Income Taxes Under AS-22

  • AS 22 was issued in 2001 and is mandatory in nature for:
  • Enterprises whose equity or debt securities are listed on a recognised stock exchange in India and enterprises that are in the process of issuing equity or debt securities that will be listed on a recognised stock exchange in India as evidenced by the board of directors’ resolution in this regard.
  • All the enterprises of a group, if the parent presents consolidated financial statements and the Accounting Standard is mandatory in nature in respect of any of the enterprises of that group in terms of (i) above.
  • All the accounting periods commencing on or after 01.04.2002, in respect of companies not covered by (a) above.
  • All the accounting periods commencing on or after 01.04.2003, in respect of all other enterprises.

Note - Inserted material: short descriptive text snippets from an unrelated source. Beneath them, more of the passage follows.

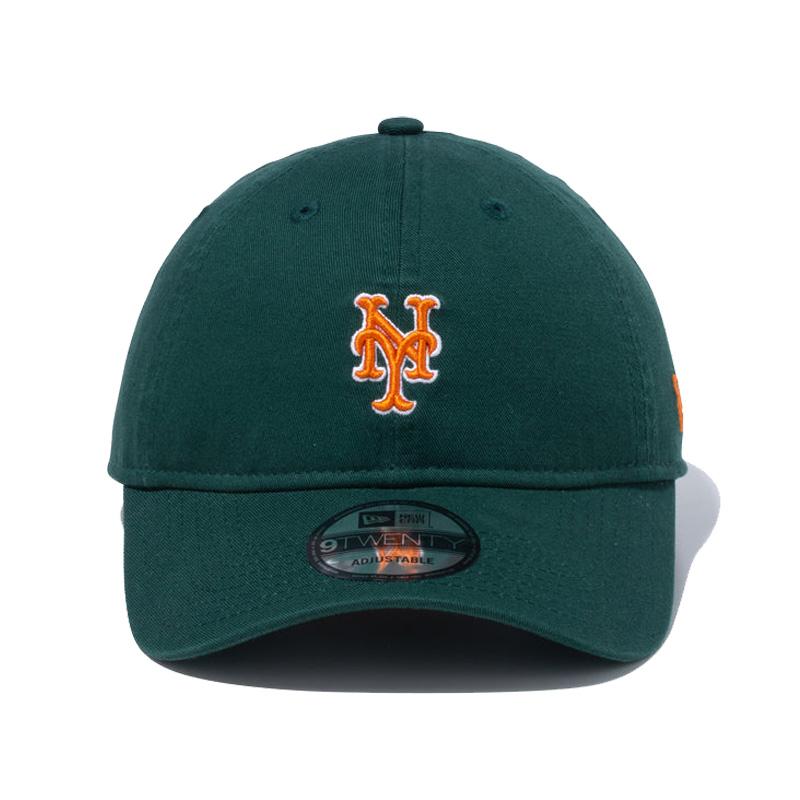 TEMBEA ライトカーキ　ナイロンキャップ 楽天市場】アディダス H.Koumori ランニング キャップ メンズ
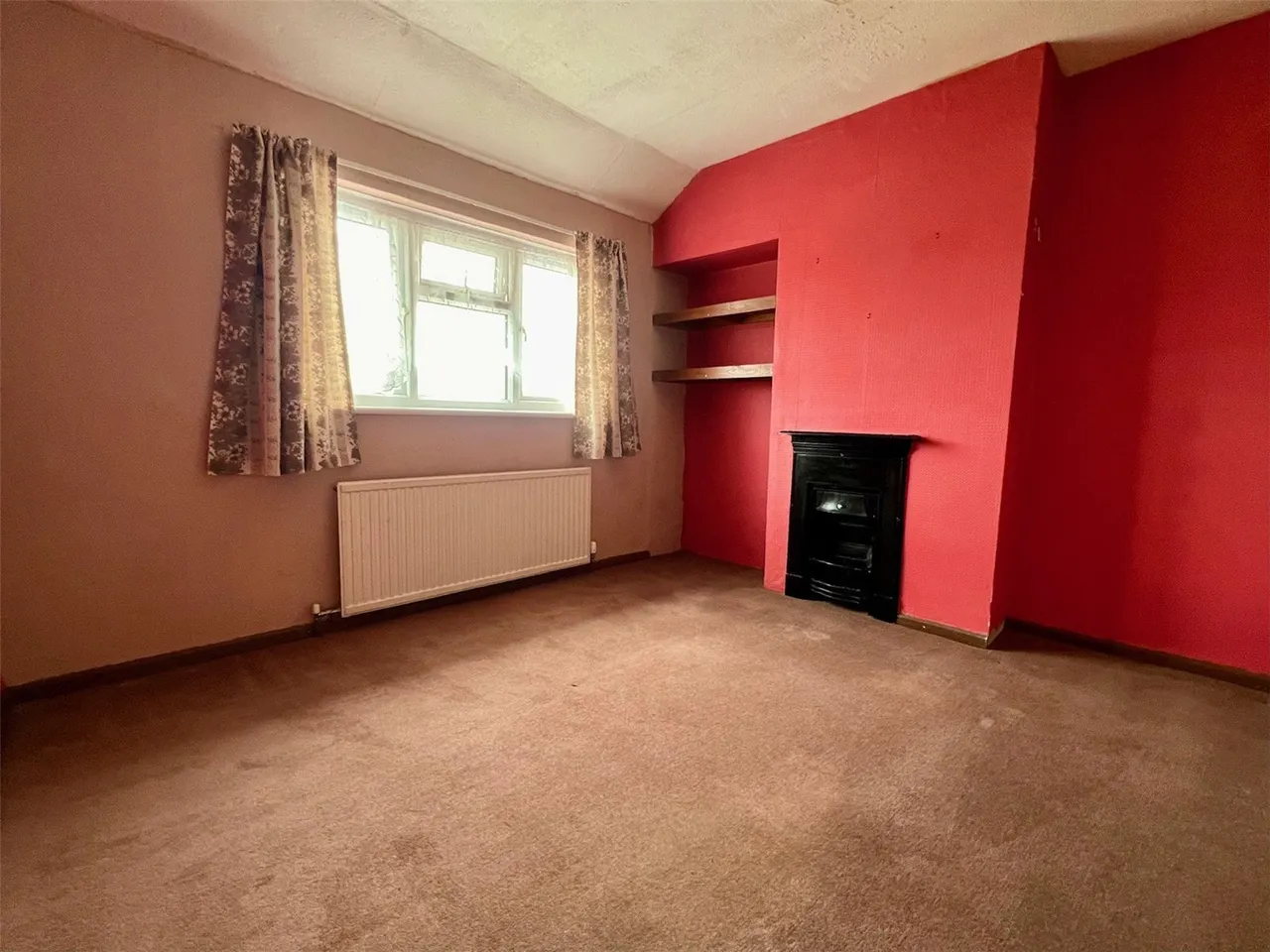 City Road, Haverfordwest, SA61, photo 12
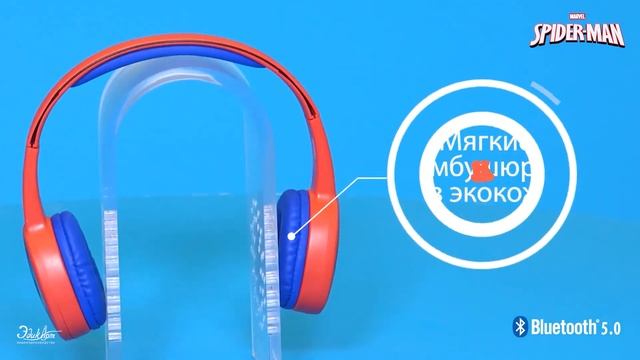 Предметная съемка с детьми моделями смотреть онлайн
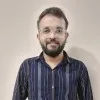 Amit Varu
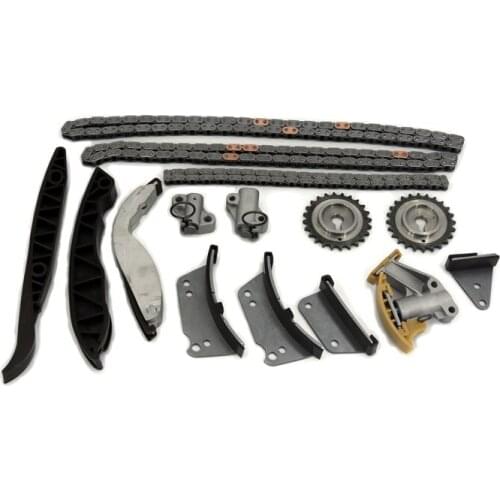 TIMING REPAIR KITS for KIA:Sorento(2.5)02-11 D4CB DS070077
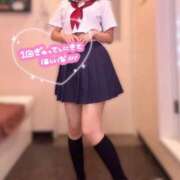 ヒメ日記 2025/10/21 01:30 投稿 もも Lesson.1沖縄校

This standard prescribes the accounting treatment of taxes on income and follows the concept of matching expenses against revenue for the period. The concept of matching is more peculiar in cases of income taxes since in a number of cases, the taxable income may be significantly different from the income reported in the financial statements due to the difference in treatment of certain items under taxation laws and the way it is reflected in accounts.

Need

Matching of such taxes against revenue for a period poses special problems arising from the fact that in a number of cases, taxable income may be significantly different from the accounting income. This divergence between taxable income and accounting income arises due to two main reasons.

Firstly, there are differences between items of revenue and expenses as appearing in the statement of profit and loss and the items which are considered as revenue, expenses or deductions for tax purposes, known as Permanent Difference.

Secondly, there are differences between the amount in respect of a particular item of revenue or expense as recognised in the statement of profit and loss and the corresponding amount which is recognised for the computation of taxable income, known as Time Difference.

Terms used in AS-22

  • Accounting income (loss) is the net profit or loss for a period, as reported in the statement of profit and loss, before deducting income-tax expense or adding income tax saving.
  • Taxable income (tax loss) is the amount of the income (loss) for a period, determined in accordance with the tax laws, based upon which income-tax payable (recoverable) is determined.
  • Tax expense (tax saving) is the aggregate of current tax and deferred tax charged or credited to the statement of profit and loss for the period.
  • Current tax is the amount of income tax determined to be payable (recoverable) in respect of the taxable income (tax loss) for a period.
  • Deferred tax is the tax effect of timing differences. The differences between taxable income and accounting income can be classified into permanent differences and timing differences.
  • Timing differences are the differences between taxable income and accounting income for a period that originate in one period and are capable of reversal in one or more subsequent periods.
  • Permanent differences are the differences between taxable income and accounting income for a period that originate in one period and do not reverse subsequently.